Women with breast cancers that overexpress HER2 are at greater risk for disease progression and death than women whose tumors do not overexpress HER2. Trastuzumab, a recombinant humanized monoclonal antibody against the extracellular domain of the HER2 protein blocks downstream signaling of HER2 and substantially improves the efficacy of chemotherapy in women with metastatic and early-stage HER2-positive breast cancers. Because resistance to trastuzumab eventually results in progressive disease in the metastatic setting and contributes to recurrence following adjuvant trastuzumab-based therapy, it is important to develop agents other than trastuzumab that target HER2 signaling through different mechanisms of action.

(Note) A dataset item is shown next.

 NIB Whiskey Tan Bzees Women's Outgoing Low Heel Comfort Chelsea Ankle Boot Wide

Lapatinib is an oral, small molecule, dual tyrosine kinase inhibitor of HER2 and EGFR. Lapatinib has shown a lack of cross-resistance with trastuzumab in preclinical studies and activity in women with HER2-positive, metastatic breast cancer that has progressed during trastuzumab treatment. Trastuzumab blocks the downstream signaling of HER2 by binding to the extracellular domain of the receptor. Lapatinib binds to the intracellular domains of HER2 and EGFR and prevents activation of downstream signaling pathways. Because of this different mechanism of action, lapatinib may be effective in trastuzumab-resistant disease. The study will also provide important safety information on trastuzumab and lapatinib combinations immediately following anthracycline exposure, and also provide an initial direct comparison of cardiac effects of trastuzumab and lapatinib when incorporated into a standard sequential AC followed by weekly paclitaxel (neo)adjuvant regimen.

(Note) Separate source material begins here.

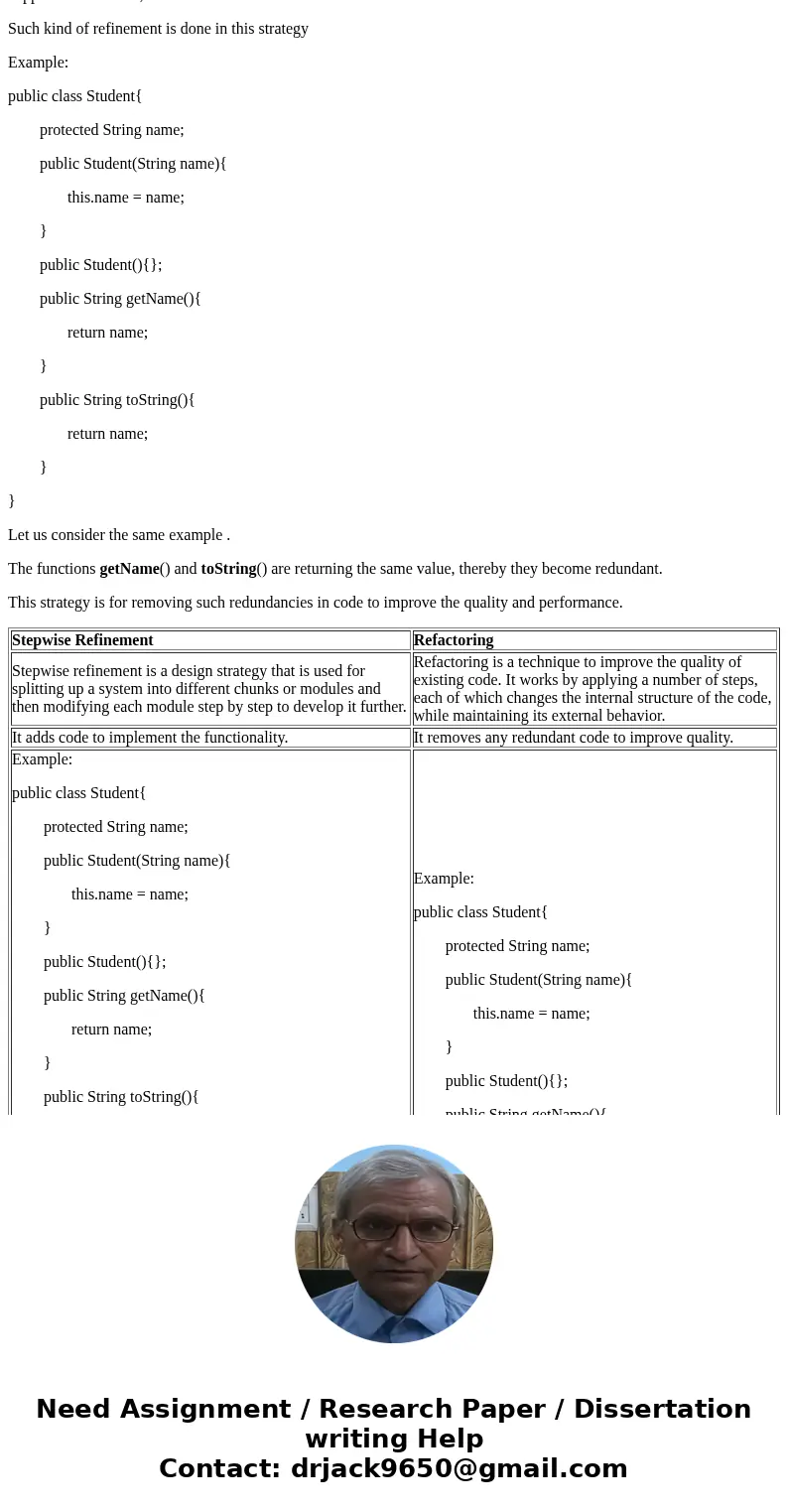 Are stepwise refinement and refactoring the same thing? Provide a detailed example of each and describe why they are different (or the same)SolutionNo, stepwise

Availability of a second agent that can interrupt HER2-signaling pathways through completely different mechanisms than those of trastuzumab offers the potential for further improvement in the management of patients with HER2-overexpressing breast cancer in both the adjuvant and metastatic setting. Co-administration of both trastuzumab and lapatinib with chemotherapy may be important in improving outcomes in subsets of HER2-positive breast cancers. However, use of two inhibitors of the HER2 pathway will increase costs and may increase toxicity, so it will be important to identify the subsets of patients who would benefit from the dual therapy. Inhibition of HER2 with a single agent clearly is sufficient for many patients as evidenced by the results of the trastuzumab trials. Therefore, co-administration to unselected populations of women with HER2-positive breast cancers would not represent an optimal approach. Given the activity of lapatinib, it is likely that it will also be sufficiently active in inhibiting HER2-pathway activation in some patients to allow for its use as the sole inhibitor of the HER2 pathway. Different populations may also derive greater benefit from one of the HER2-blocking agents relative to the other. Identification of potential predictive factors for pathologic complete response to the combination or to either agent administered alone in neoadjuvant trials would provide important information for adjuvant trials designed to definitively address these important issues.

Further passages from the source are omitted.